Problem statement - Please find the line that holds "Proceedings of the" below and reproduce it, along with every line after it through the end, exactly and without pictures.

Image-caption web data
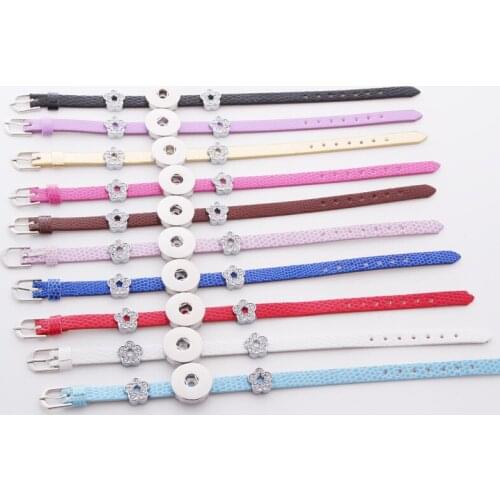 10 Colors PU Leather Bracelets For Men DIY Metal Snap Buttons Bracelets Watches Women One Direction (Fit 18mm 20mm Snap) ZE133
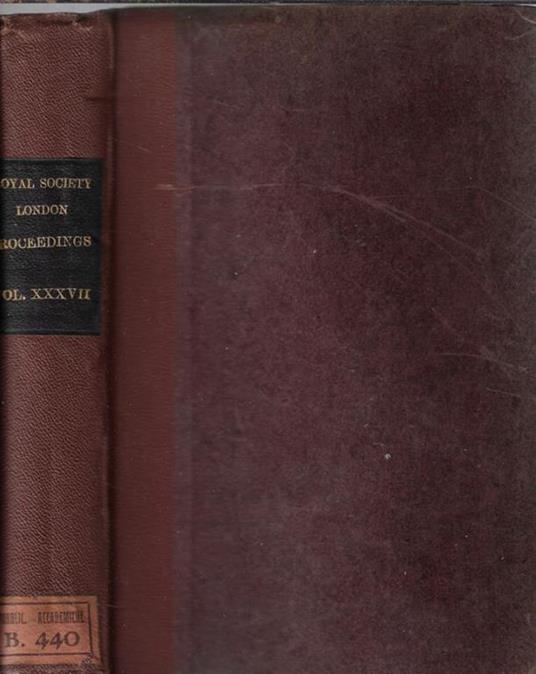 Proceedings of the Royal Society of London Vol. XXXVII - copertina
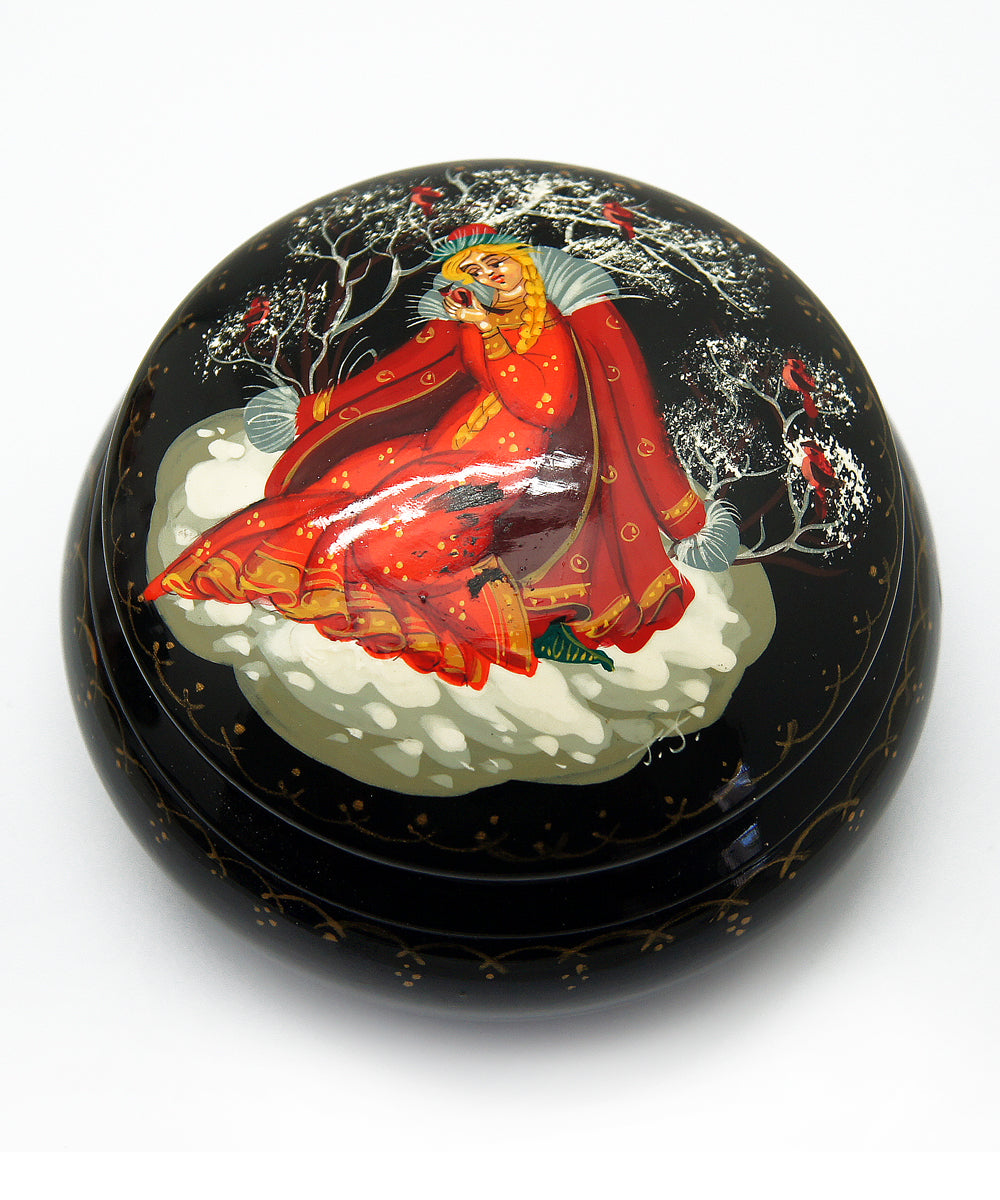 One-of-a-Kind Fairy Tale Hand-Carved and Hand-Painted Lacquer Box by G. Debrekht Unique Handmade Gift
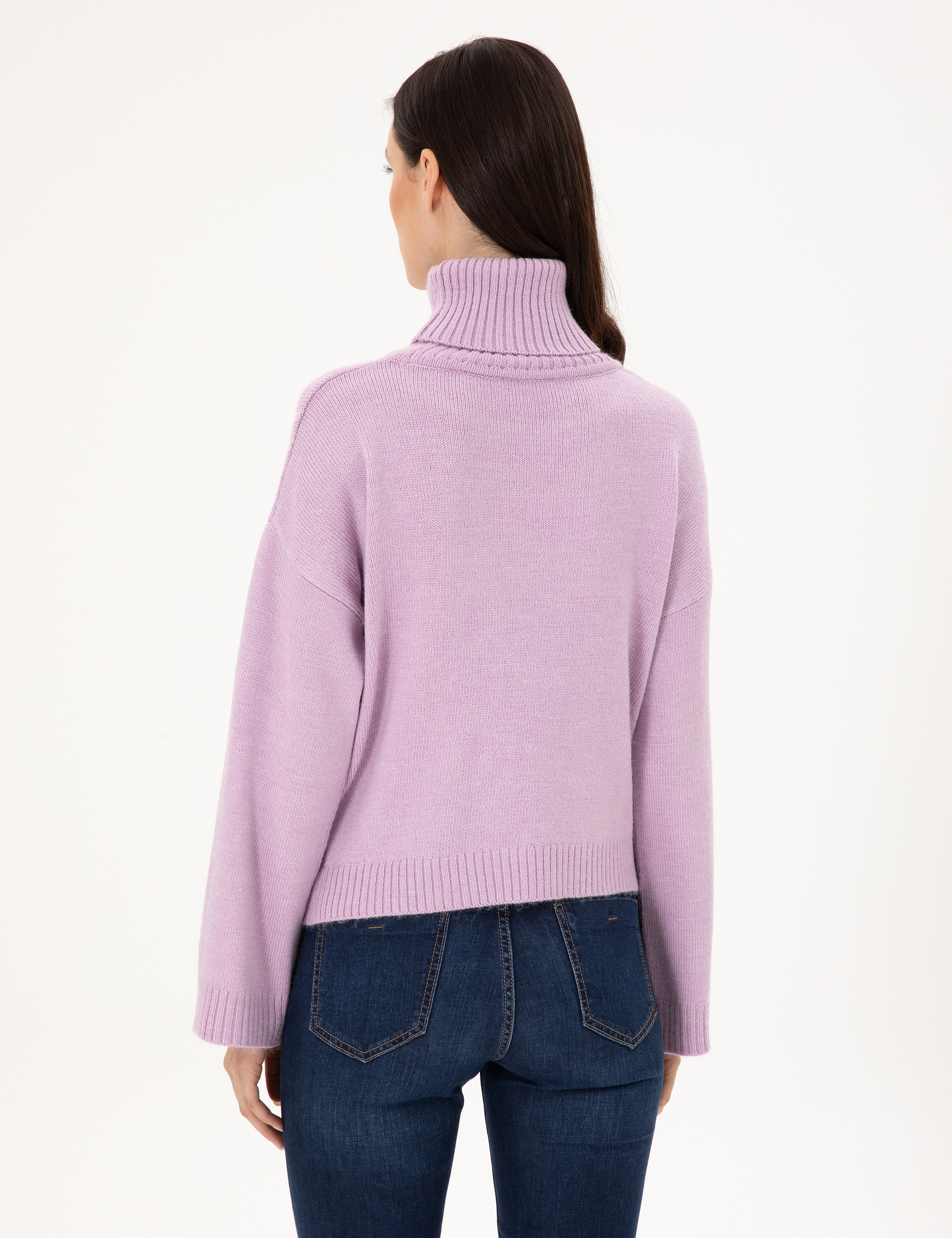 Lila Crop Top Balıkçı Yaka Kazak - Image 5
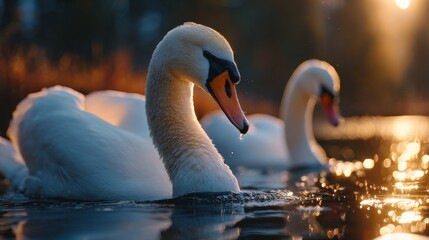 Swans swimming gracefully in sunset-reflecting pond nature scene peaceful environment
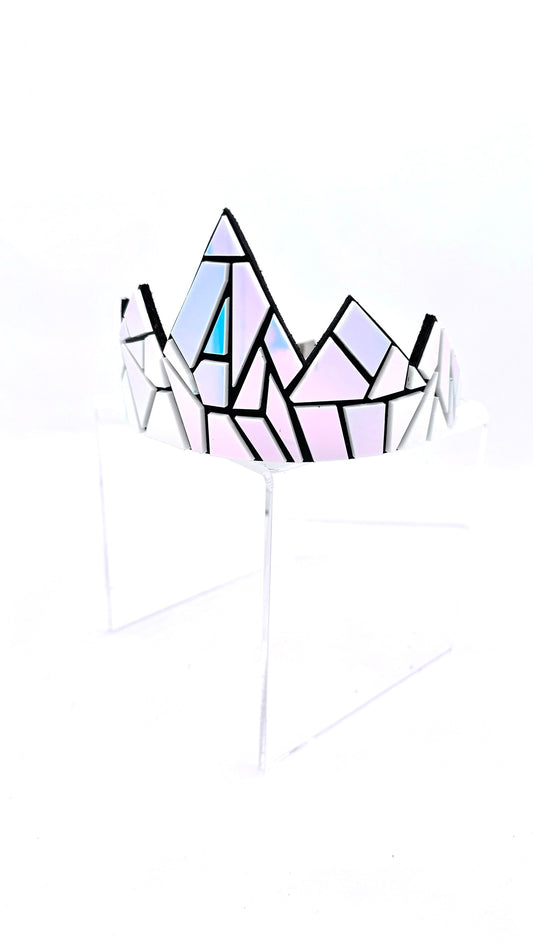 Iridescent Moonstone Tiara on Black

Result of this exercise -
 Proceedings of the Royal Society of London Vol. XXXVII - copertina
 One-of-a-Kind Fairy Tale Hand-Carved and Hand-Painted Lacquer Box by G. Debrekht Unique Handmade Gift
 Lila Crop Top Balıkçı Yaka Kazak - Image 5
 Swans swimming gracefully in sunset-reflecting pond nature scene peaceful environment
 Iridescent Moonstone Tiara on Black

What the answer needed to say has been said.